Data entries
◇ ◇ ◇ ◇
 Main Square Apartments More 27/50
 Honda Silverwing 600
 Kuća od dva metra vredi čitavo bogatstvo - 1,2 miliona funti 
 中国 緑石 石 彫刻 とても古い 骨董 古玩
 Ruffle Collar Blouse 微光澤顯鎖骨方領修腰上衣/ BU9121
◇ ◇ ◇ ◇
• [What the task asks]: Reproduce every record exactly, line by line.

• [Solution to this exercise]:
 Main Square Apartments More 27/50
 Honda Silverwing 600
 Kuća od dva metra vredi čitavo bogatstvo - 1,2 miliona funti 
 中国 緑石 石 彫刻 とても古い 骨董 古玩
 Ruffle Collar Blouse 微光澤顯鎖骨方領修腰上衣/ BU9121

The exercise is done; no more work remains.